U.S. strikes on military targets at Iran’s Kharg Island have raised fears of a wider escalation that could threaten global oil supplies.

Summary:

  • The U.S. struck Iranian military facilities on Kharg Island.

  • Trump said oil infrastructure was deliberately spared.

  • Kharg Island handles about 90% of Iran’s crude exports.

  • Analysts say a direct strike could halt most of Iran’s oil shipments.

  • Tehran could retaliate by targeting energy assets elsewhere in the Gulf.

  • Iran has limited alternative export routes via the Goreh-to-Jask pipeline.

  • Oil prices rose above $100 per barrel amid supply concerns.

  • Trump is weighing a seizure of Iran’s critical oil depot on Kharg Island

U.S. strikes on Iranian military facilities on Kharg Island have pushed one of the country’s most strategically important oil hubs into the center of the escalating conflict between Washington and Tehran.
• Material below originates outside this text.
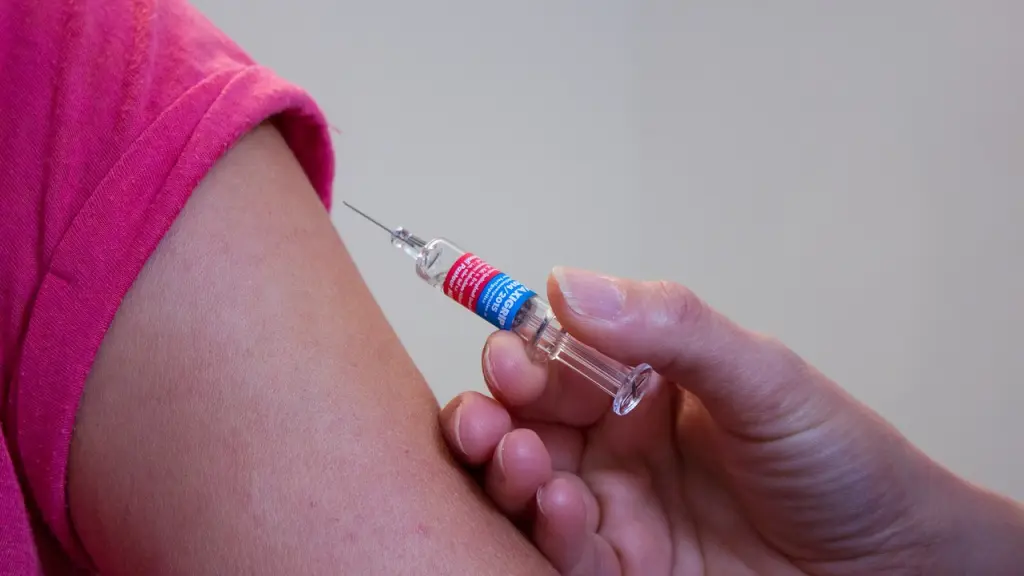 vacunación, médico, inyección, Pixabay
According to reporting by CNBC, U.S. President Donald Trump ordered strikes on military assets located on the island late Friday, while deliberately avoiding oil infrastructure.

Trump described the operation as a warning to Iran, signalling that Washington could expand its targets if attacks on commercial shipping in the Strait of Hormuz continue.

Kharg Island is one of Iran’s most critical economic assets. The small coral island in the northern Persian Gulf, located roughly 15 miles off Iran’s mainland coast, handles about 90% of the country’s crude oil exports and has a loading capacity of around 7 million barrels per day.

Because of its central role in Iran’s energy trade, analysts view the facility as both a strategic pressure point for the United States and a potential flashpoint for broader escalation.

Energy analysts say a direct attack on Kharg’s export infrastructure could severely disrupt Iranian oil shipments. Data cited by JPMorgan suggests such a strike could immediately halt most of the country’s roughly 1.5 million barrels per day in crude exports.

Experts warn the economic consequences for Iran could be severe.

Vandana Hari, founder of Vanda Insights, said the strikes on military installations appeared designed to send a signal to Tehran that its oil infrastructure could be targeted next if maritime attacks persist.

However, analysts also caution that a direct strike on Kharg’s export terminals could trigger retaliatory attacks across the region.

Edward Fishman of the Council on Foreign Relations said Iran could respond by targeting major energy facilities elsewhere in the Gulf, including Saudi Arabia’s massive Abqaiq oil processing complex.

Iran does possess limited alternative export routes. One option is the Goreh-to-Jask pipeline, which bypasses both Kharg Island and the Strait of Hormuz and can transport roughly 1.5 million barrels per day.

Still, analysts say the pipeline would not fully offset the loss of Kharg’s export capacity.

Markets are already responding to the rising geopolitical risks. Brent crude prices climbed above $100 per barrel, reflecting growing concern about potential disruptions to global oil supply.

Some analysts argue the conflict is accelerating a broader shift in energy markets, with geopolitical risk increasingly embedded in commodity pricing.